Eines Tages flieht der Junge in den nächsten Distrikt und findet Arbeit bei einem freundlichen Handwerker und Viehbesitzer. Doch die Sehnsucht nach seiner Mutter zieht Memed zurück. Abdi Aga bestraft den Rückkehrer und dessen Mutter grausam, indem er ihnen so viel von der Ernte abnimmt, dass sie den Winter eigentlich nicht überstehen können. Manche Dorfbewohner helfen jedoch heimlich.
Memed reift in tiefem Hass auf Abdi Aga zum Mann. Er möchte Hace heiraten, ein schönes Mädchen aus seinem Dorf, das er bereits seit Kindertagen liebt. Doch Abdi Aga hat sich entschlossen, Hace seinem Neffen zur Frau zu geben. Hace und Memed sind verzweifelt. Memed hat sich alles vom Aga nehmen lassen, auf Hace aber wird er nicht verzichten. Er entführt das Mädchen, wird jedoch von einem Dorfbewohner verraten. Während Memed entkommt, wird Hace ins Gefängnis geworfen.
Memed bleibt keine andere Wahl, als sich den Räubern im Gebirge anzuschließen und auf eine Gelegenheit zu warten, Rache an Abdi Aga zu nehmen. Rasch wird er zu einer Berühmtheit in den Dörfern, denn es erweist sich, dass er nicht die Mentalität der Räuber annimmt, sondern den Aga ausschalten und den Bauern ihre Rechte wiedergeben will.
Aber er hat auch Hace nicht vergessen. Als sie in ein weit entferntes Gefängnis verlegt werden soll, beschließt er, sie trotz ihrer aufwändigen Bewachung zu retten, allen Verfolgern zum Trotz.
Memed, eine Art türkischer Robin Hood? Ein wenig erinnert die Geschichte durchaus daran, auch wenn die orientalische, vielfarbige Üppigkeit der Erzählung mit dem englischen Pendant wenig gemein hat und Memeds Geschichte eine tiefe Tragik innewohnt.
Meisterlich zeigt der Autor auf, wie ein Junge sich vom unauffälligen Untertanen zum Rebellen wandelt, nachdem er zwei Schlüsselerlebnisse hatte: zuerst den Hungerwinter nach seiner berechtigt erscheinenden Flucht, dann die Zwangsverlobung seiner geliebten Hace mit dem Neffen des Tyrannen. Für Hace ist Memed zu töten bereit.
Memed bleibt auch als Räuber ein aufrechter Charakter: Als sein Räuberhauptmann einen Stammesführer unnötig und maßlos erniedrigt, der Memed und seinem Freund zuvor Gastfreundschaft gewährt hat, stellt sich Memed vor den Bedrohten und hat in der Folge im Räuberhauptmann einen erbitterten Feind mehr.
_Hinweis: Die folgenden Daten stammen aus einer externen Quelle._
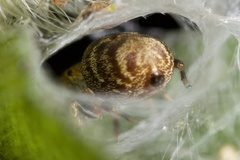 Salticinae
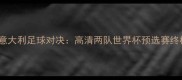 瑞典vs意大利足球对决高清两队世界杯预选赛终极较量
Zwei zentrale Themen beherrschen das Buch, nämlich der Kampf zwischen Memed und Abdi Aga und die zauberhafte, tragische Liebe zwischen Memed und Hace. Als Grundlage für diese beiden "Leitmotive" dient die maßlose, grausame Unterdrückung der Bauern durch den Großgrundbesitzer.
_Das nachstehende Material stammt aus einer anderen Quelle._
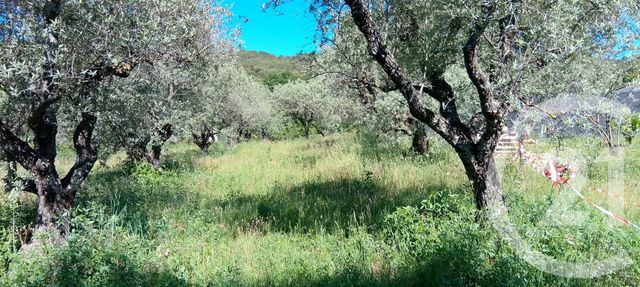 Terrain &agrave; vendre - 2000 m2 - Peyruis - 04 - PROVENCE-ALPES-COTE-D-AZUR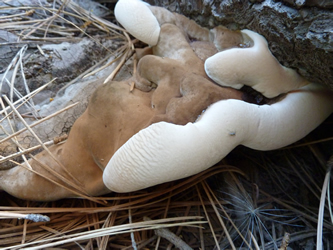 Ganoderma applanatum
Der Autor Yasar Kemal setzt sich in seinen Werken stets für die Entrechteten und Armen ein, so auch hier in einem sehr gelungenen, von Anfang bis Ende fesselnden Epos, einer Art Legende, die sehr detailliert, gefühlvoll und faszinierend realistisch erzählt wird.
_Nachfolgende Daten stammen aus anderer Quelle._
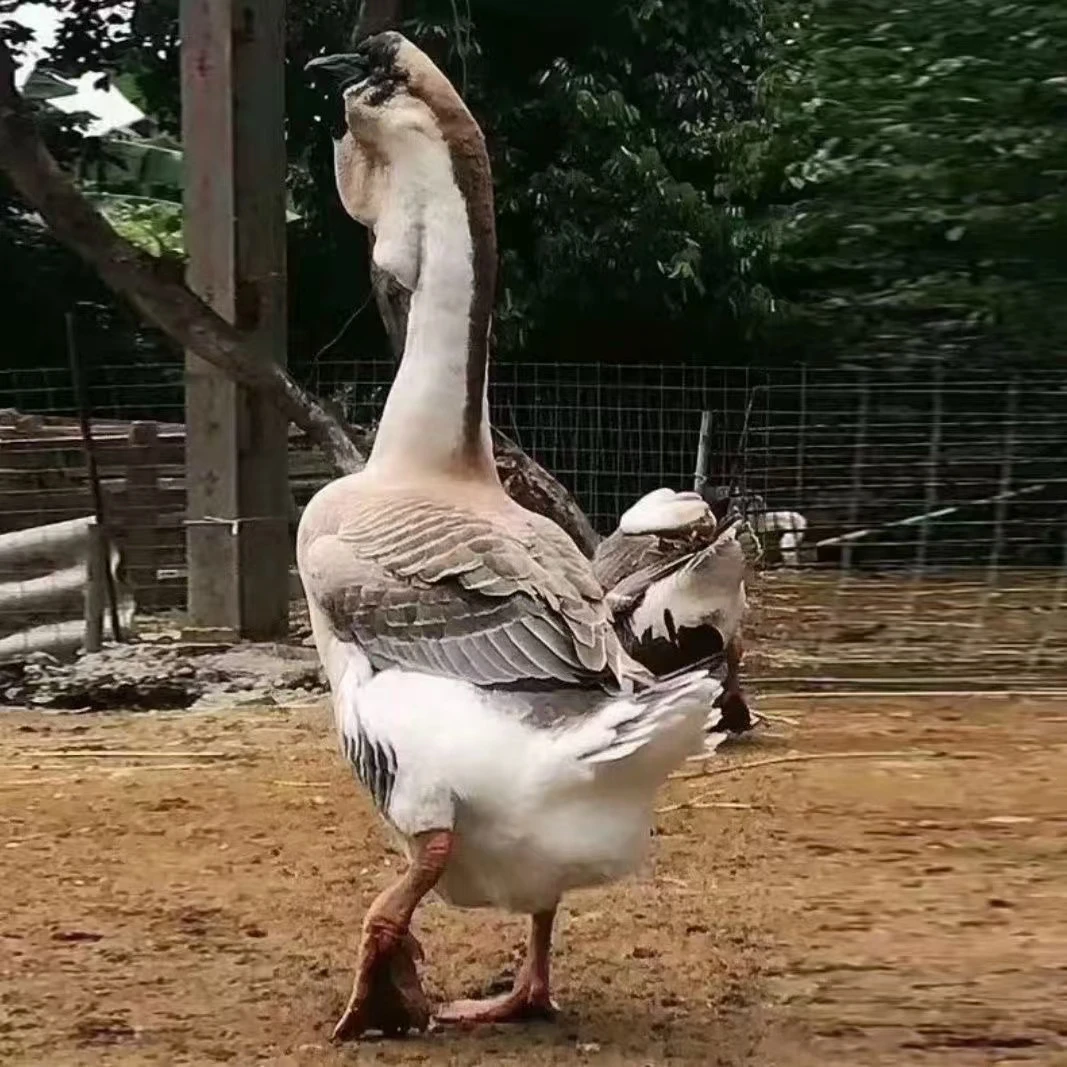 【狮头】专属娥活体宠物顺丰包邮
Dieter Wien liest das Buch ausdrucksstark und packend vor und versteht es, den Hörer "mitzunehmen". So ist die Hörbuchfassung gut gelungen, zumal auch die Austattung attraktiv ist. Die sechs CDs wurden in Tracks von je etwa fünf Minuten unterteilt, sodass man die akustische Lektüre jederzeit problemlos unterbrechen und wieder aufnehmen kann.
"Memed mein Falke" bietet somit ein großartiges Hörerlebnis, sofern der Hörer keine Abneigung gegen den Stil des Autors hat, der ein wenig an große orientalische Märchenerzähler erinnert. Das Buch führt den mitteleuropäischen Hörer in eine ihm fremde, faszinierende Welt, die wahrlich fesselt.